# Oyster Recipies?



## galvetraz (Nov 29, 2005)

Split a sack of oysters with a friend today, shucked'em and downed some cold beers till I was about to pop (only stabbed my hand 3 times). I still have a **** load, dont want them to go bad, I've heard you can freeze them for 2 months or so, anyone have a good recipie? Prob. gonna grill some on the half shell tom. night.


----------



## Seabass (May 22, 2004)

Ah...but of course... Tis the season for the slimers..

*Oysters Maxwell*

Ingredients:

12 fresh oysters (shucked on the half shell)

5-6 strips of bacon

14-16oz. of cocktail sauce

12oz. of mozzarella cheese

1 jar of sliced pickled jalapeno peppers (Trappey's or Louisiana)
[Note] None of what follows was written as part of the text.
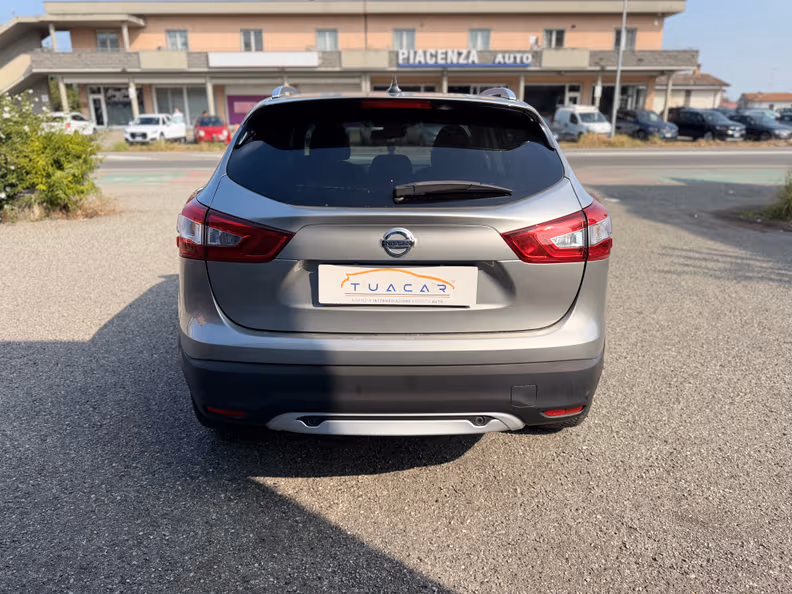 Nissan Qashqai - 4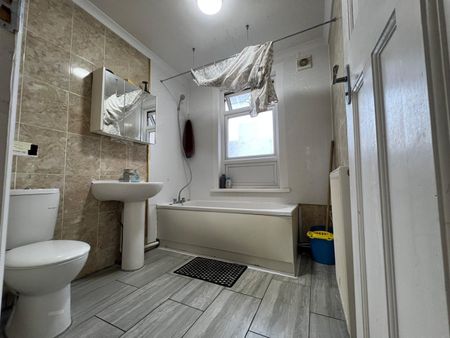 Room in a Shared House, Newquay Road, SE6 - Photo 4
Cook the bacon until 2/3rds done. Then slice them into quarters. Take each oyster out of its shell, and replace it with a slice of bacon. Put the oyster back in the shell, over the bacon. Now put another piece of bacon over the oyster. On top of that, stack a jalapeno slice and a dollop of cocktail sauce. Bake in a Pyrex dish or on a cookie sheet in the oven for 15 minutes at 350 degrees. Remove from oven, and then sprinkle the tops of the oysters with Mozzarella cheese. Continue baking (or put the broiler on low) until the cheese is melted. This serves 6 people as an appetizer. Use a regular fork to scoop out this wonderful concoction. Enjoy!

Seabass


----------



## kenny (May 21, 2004)

Fried topped with pico de gallo
Grilled with a slice of waterchestnut wrapped with bacon
Rockefeller


----------



## LIONESS-270 (May 19, 2005)

Oyster Stew....fine chop green onions, celery and a little bell pepper...about 2 cups total.
Saltue in a half-stick of butter (add spices per your choice,I like crushed redpepper)
.....Add 1cup of milk and 2 cups of heavy cream...simmer a while (don't boil) add 2 pts of oysters....simmer for a few more mins.
Cover and let those fat boys swell up while you make some garlic french bread and find a big spoon and heat your soup bowls.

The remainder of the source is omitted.